In the IBM - PC / XT system, equipped with an asynchronous communication adapter, the board has an INS8250 asynchronous communication interface. The baud rate setting on the PC is achieved by initializing the 8250. In the 8250 port register, 3FSH and 3F9H are set to the lower 8 bits and the upper 8 bits of the baud rate factor, respectively. The factor ranges from 1 to 65 535 and divides the input clock (1. 843 2 MHz) to produce a baud rate generator clock (BAUDOUT) of 16 times the baud rate.
After the 8250 is initialized with the baud rate factor preset, the baud rate generator can generate the specified baud rate.
The baud rate of 51 MCU serial communication varies with the choice of serial port operation mode. It is related to the oscillation frequency of the system, the SMOD bit of the power control register PCON, and the setting of the timer T1.

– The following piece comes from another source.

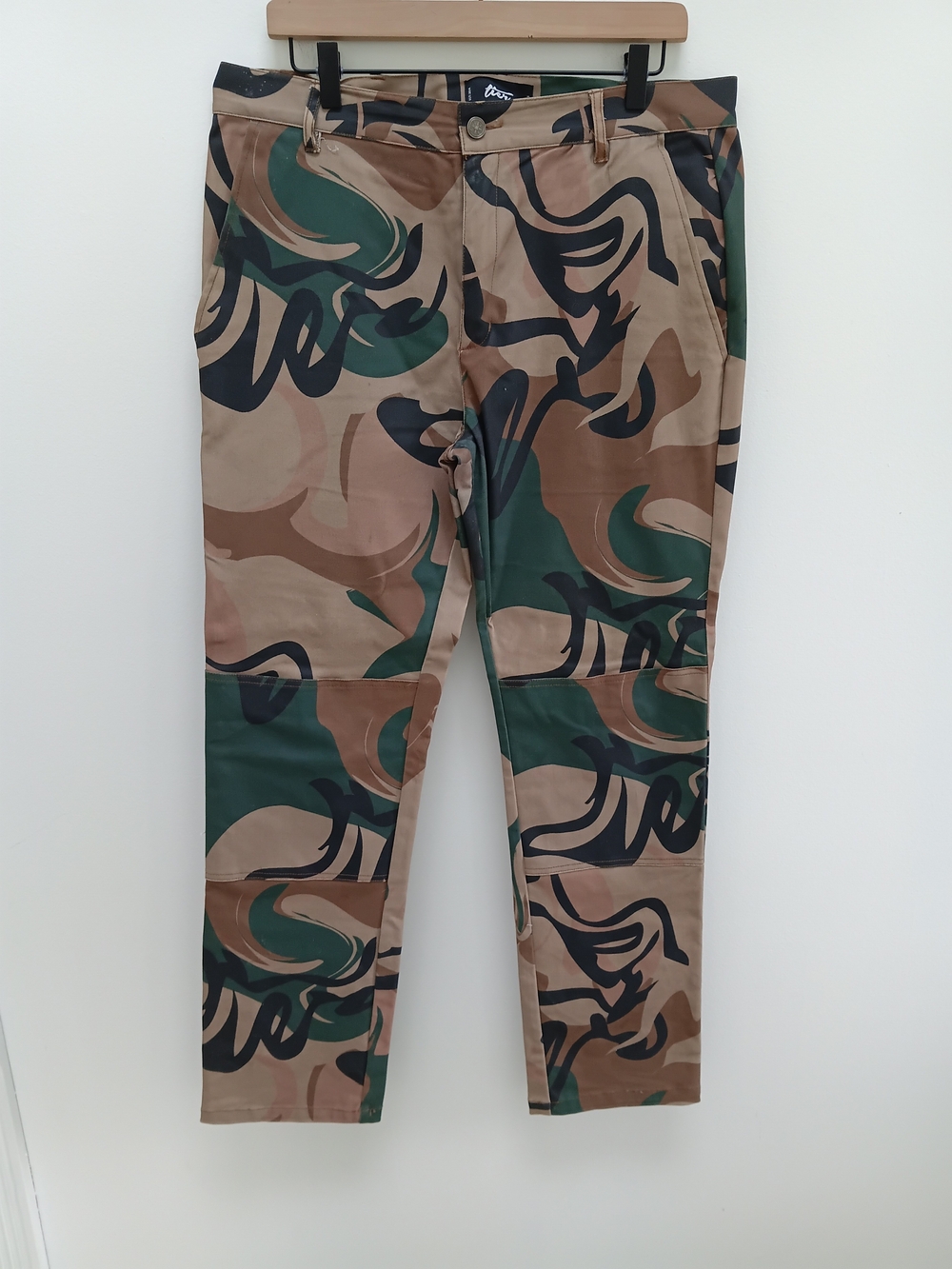 Tier Women's Straight Leg Camouflage Print Pants in Beige Black & Green Size L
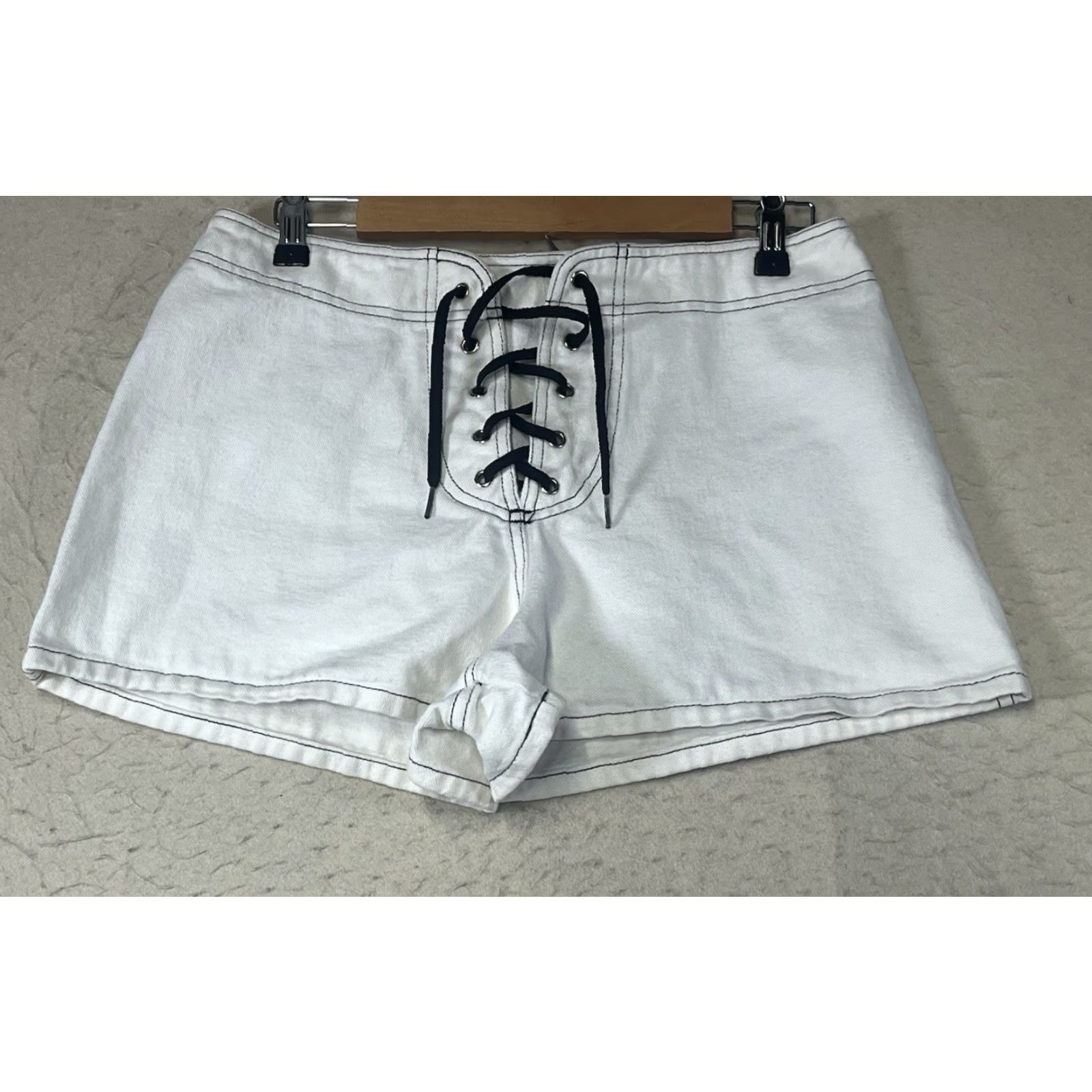 Vintage VINTAGE Breaker White Denim Shorts Lace Up Cotton 13/14 Women Size 34" / US 12 / IT 48 - 2 Thumbnail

When the serial port operates in mode O, the baud rate is fixed and its size is foSC/12. In serial port mode 2, the baud rate is only fixed to two types, which is related to the value of the SMOD bit: when SMOD-O, the baud rate is foSC/64; when SMOD=1, the baud rate is foSC /32. The baud rate of serial port modes 1, 3 is variable, and it depends mainly on the overflow rate of timer 1 except for the value of SMOD bit. When Timer 1 is used as the baud rate generator for serial communication, the baud rate can be determined by:
Baud rate = T1 overflow rate / n
Where: n=32 or 16, corresponding to SMOD=O or 1 in PCON. The TI overflow rate depends on the count rate and the timing time constant, ie
T1 overflow rate = count rate / 256-x
At this time, T1 works in mode 2, that is, 8-bit automatic loading mode. This way you can avoid resetting the initial value of the timing. Where x is the initial count value loaded in TH1 and TL1. The count rate of Timer 1 is related to the selection of the timer mode of operation. When T1 is selected as the timing mode, its counting input pulse is the internal clock signal, that is, the register value is incremented by 1 every machine cycle, and each machine cycle is 12 oscillation cycles, so the counting rate is fosc/12. If the system fosc=12 MHz, the T1 count rate is fosc/12=1 MHz. From this
For example, assume that the baud rate requirement for both serial communications is 9 600 b/s. The system oscillation frequency fosc=11. 59 MHz. When SMOD is selected as 1, the initial values ​​of TH1 and TL1 are calculated as follows:
When this value is set to TH, TL1, the actual transmission rate generated by the baud rate generator is
In this case, the PC and the MCU can perform normal reception and transmission.
According to the above conditions, if the system uses a 12 MHz system clock, according to the above formula, z≈250 or 249 (FAH or F9H) can be obtained. At this time, when FAH or F9H is placed in THi and TL1, the actual transmission rate is 10 416.67 or 8 928.57 b/s, and the error is -8.5% or +7%, respectively.
Practice has shown that PCs and microcontrollers cannot achieve normal reception and transmission under such conditions.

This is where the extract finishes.